Una delle cose che mi ha legato a Diana, per esempio, è stato il filmato delle telecamere a circuito chiuso sul retro del Ritz, in cui si vedono i due abbracciarsi in modo così tenero per sette minuti, tenendosi le mani dietro la schiena in un modo così delicato, con delle carezze molto morbide. C’era tenerezza, c’era un innamoramento di qualche tipo.

Una delle cose più importanti che ho fatto per la sesta stagione – e non so perché nessuno l’abbia mai fatto, per quanto ne so – è stata quella di raccogliere, insieme al team di ricerca, il maggior numero possibile di foto di Dodi e Diana e di metterle in ordine cronologico. Quando le metti in ordine cronologico, raccontano una storia. Ti viene da pensare:  “Ah, questo è il momento in cui le cose sono cambiate”. Si inizia anche a sentire l’assillo dei media e il contesto. Ma la vera chiave è trovare l’energia dell’anima. C’è una risonanza da cui si può partire per esplorare. E con la squadra, e ovviamente con Elizabeth (Debicki, ndr) che è semplicemente straordinaria, abbiamo esplorato questo aspetto. Eravamo negli stessi luoghi in cui si trovavano loro e le riprese, in un certo senso, per me sono state anche un atto di ricerca.

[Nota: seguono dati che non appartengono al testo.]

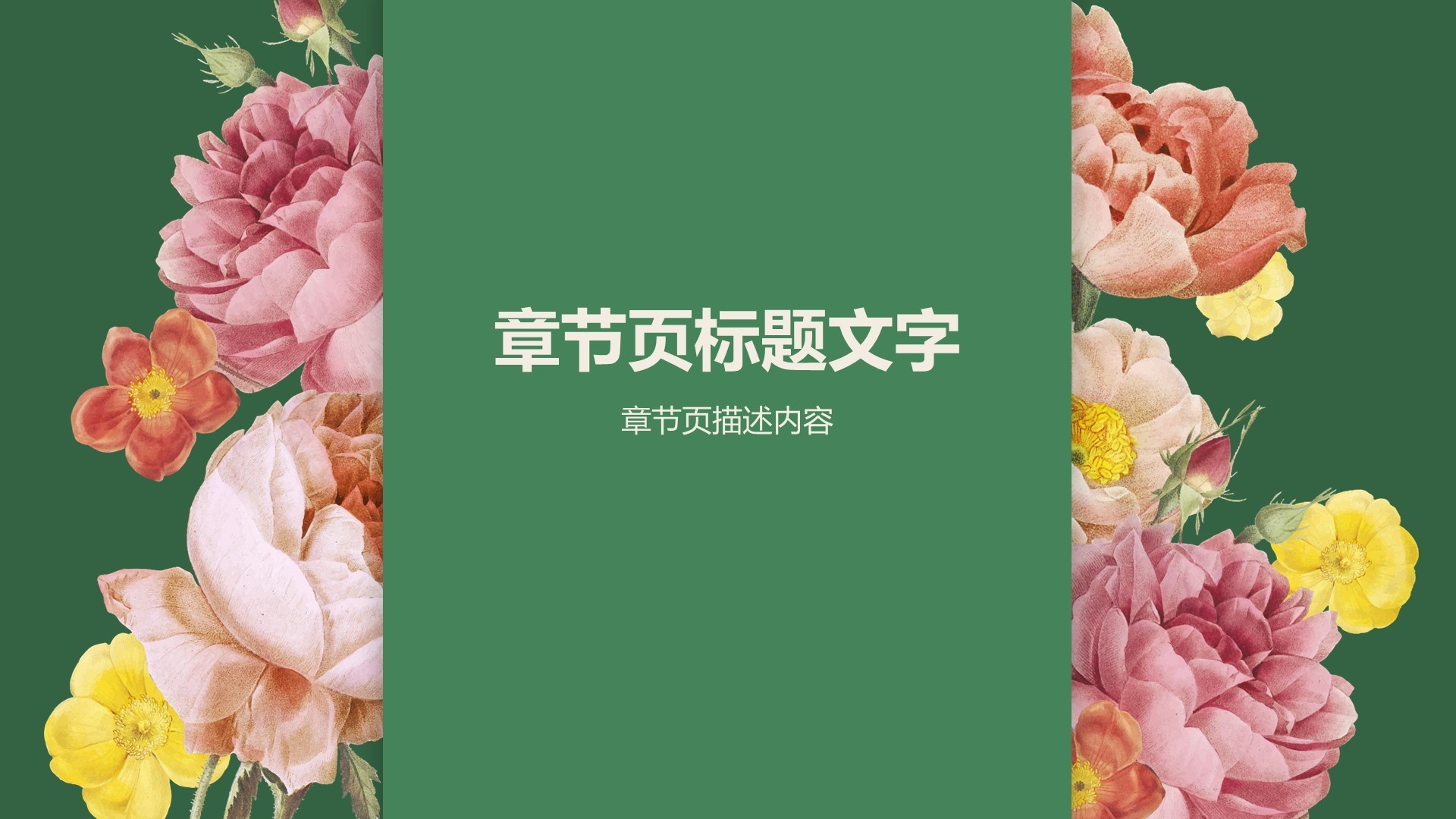 通用行业工作总结汇报PPT主题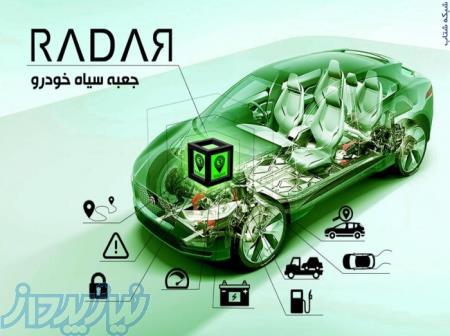 کلیه دارندگان وسایل نقلیه، با نصب سیستم رادار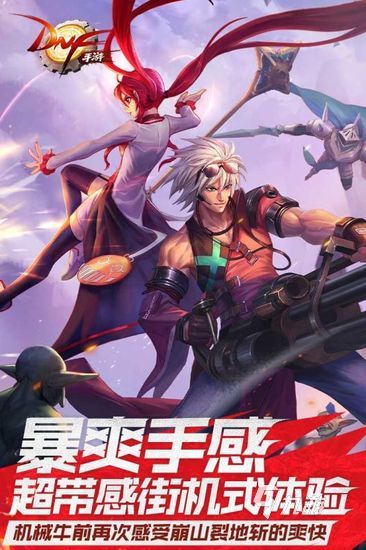 地下城与勇士手游多少G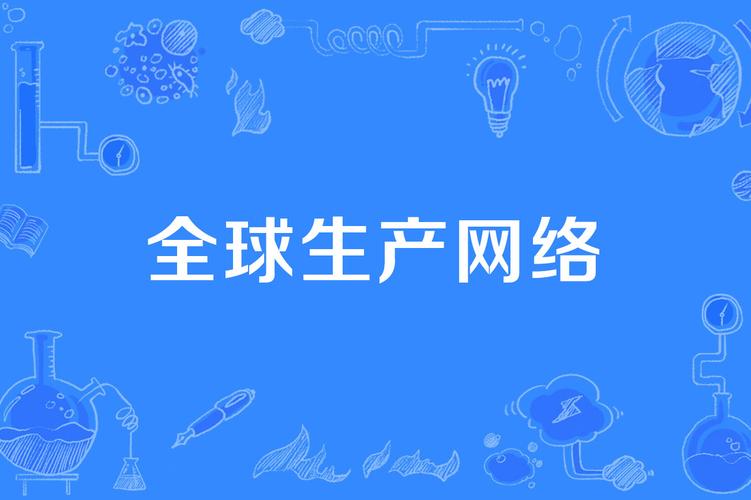 中国工程建设信息网描述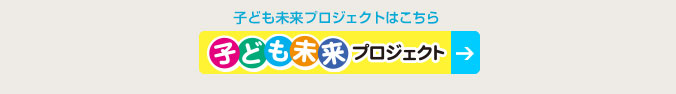 子ども未来プロジェクトはこちら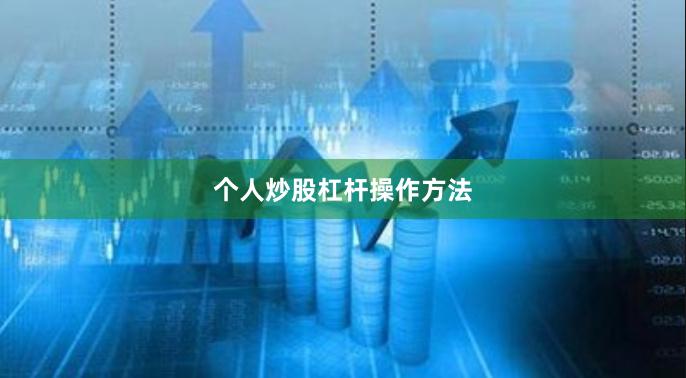 个人炒股杠杆操作方法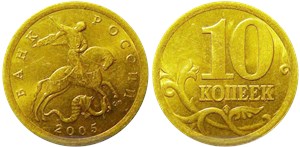 10 копеек 2005 года (С-П). Буквы 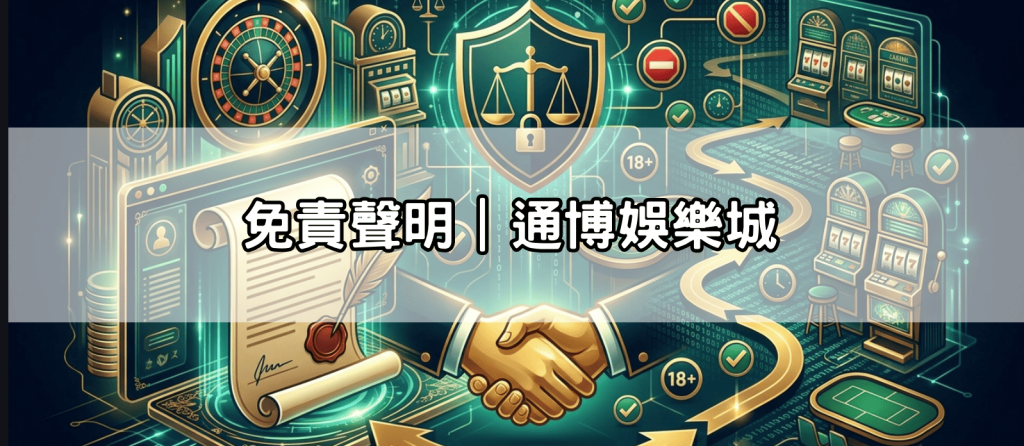 免責聲明｜通博娛樂城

Mohamad Al-Fayed cercava sempre di farsi accettare dagli inglesi e questo è diventato il problema di Dodi. Cosa significa fare luce su chi era Dodi al di fuori di quello sguardo?

Dodi è una figura che, per 26 anni, nonostante sia stata sotto gli occhi di tutti – sugli scaffali dei supermercati, sulle riviste e quant’altro – la gente non conosce affatto. Perché questa domanda non è stata posta per 26 anni? È una cosa che fa male.

Una delle cose di cui sono più orgoglioso è che, finalmente, dopo 26 anni, sarà un po’ conosciuto e, si spera, un po’ amato. Finalmente, dopo 26 anni, potrà essere pianto. Quando mi chiedo, come uomo che condivide il suo retaggio, quanti film mi vengono in mente in cui i personaggi arabi sono stati un po’ conosciuti e un po’ amati? E se sono morti, sono stati pianti? Me ne viene in mente a malapena uno. E se si pensa al numero di persone che sono morte e sono state uccise nelle guerre nel corso della mia vita – oltre a quelle vissute da mio padre e dai miei nonni – si capisce qualcosa del nostro immaginario culturale e politico che è particolarmente forte in questo momento. Ed è una delle cose che mi rende incredibilmente orgoglioso di questo lavoro.

A mia volta, sento anche un debito di gratitudine nei confronti di Diana, perché c’è qualcosa nel suo sguardo. È chiaro che si è innamorata dell’anima delle persone, non del colore della loro pelle. E, in qualche modo, è la ragione per cui sono qui. È un’energia che solo alcune persone portano con sé e che alcune persone riescono a illuminare. E credo che questo sia uno dei motivi per cui la gente l’ha amata in tutto il mondo.